ECLI:NL:GHAMS:2004:AR3911
Gerechtshof Amsterdam
- Eerste aanleg - enkelvoudig
- mr. Van de Merwe
- mr. De Rijk
- Rechtspraak.nl
Giftenaftrek en de vereisten voor notariële akte volgens de Wet inkomstenbelasting 2001
In deze zaak, behandeld door het Gerechtshof Amsterdam op 9 september 2004, ging het om een beroep van belanghebbende X tegen de uitspraak van de inspecteur van de Belastingdienst P, betreffende de aanslag in de inkomstenbelasting/premie volksverzekeringen voor het jaar 2002. De belanghebbende had in zijn aangifte een verzamelinkomen van € 19.442 en voerde een bedrag van € 8.569 aan als aftrekbare giften. De inspecteur accepteerde echter alleen de gift aan A als periodieke gift en beschouwde de overige giften als andere giften, die slechts tot 10% van het verzamelinkomen aftrekbaar zijn. Dit leidde tot een correctie van de aftrekbare giften met € 3.499, waardoor het verzamelinkomen werd vastgesteld op € 22.941.
Belanghebbende stelde dat de brochure van de belastingdienst onvoldoende duidelijk maakte dat voor elke periodieke gift een aparte notariële akte vereist was. Hij voerde ook aan dat eerdere giften in de jaren 2000 en 2001 waren geaccepteerd, wat hem het vertrouwen gaf dat zijn aangifte voor 2002 op dezelfde manier behandeld zou worden. Het Hof oordeelde echter dat de wet duidelijk voorschrijft dat periodieke giften moeten berusten op een notariële akte en dat de rechter niet de innerlijke waarde van de wet kan toetsen. De argumenten van belanghebbende werden verworpen, en het Hof verklaarde het beroep ongegrond.

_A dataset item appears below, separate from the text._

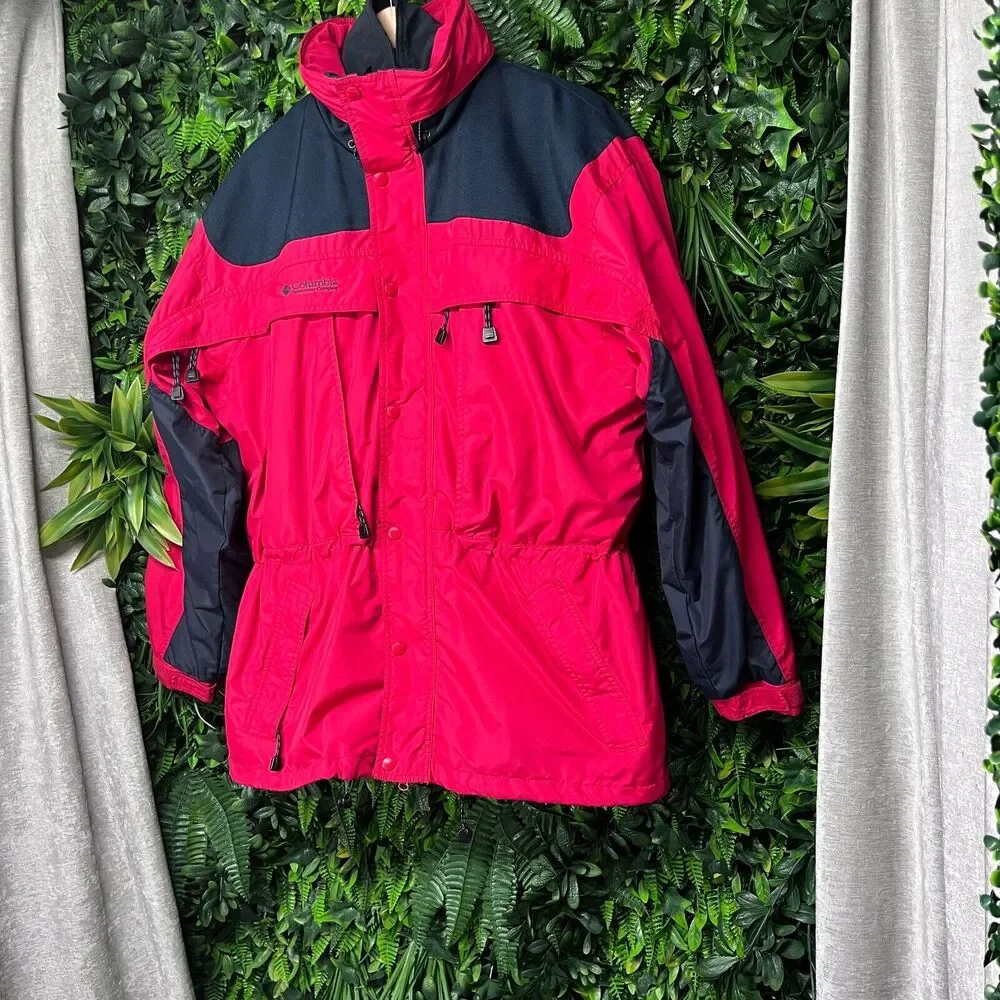COLUMBIA SPORTSWEAR Jacket Mens M Red Black Bugaboo Full Zip 2 In 1 Fleece Lined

Het Hof benadrukte dat de wettelijke regeling voor aftrekbare giften, die een maximum van 10% van het verzamelinkomen stelt, niet discriminerend is, maar een vastgestelde norm die door de wetgever kan worden gewijzigd. De uitspraak werd op 9 september 2004 vastgesteld door mr. Van de Merwe, lid van de belastingkamer, en de beslissing werd ter openbare zitting uitgesproken.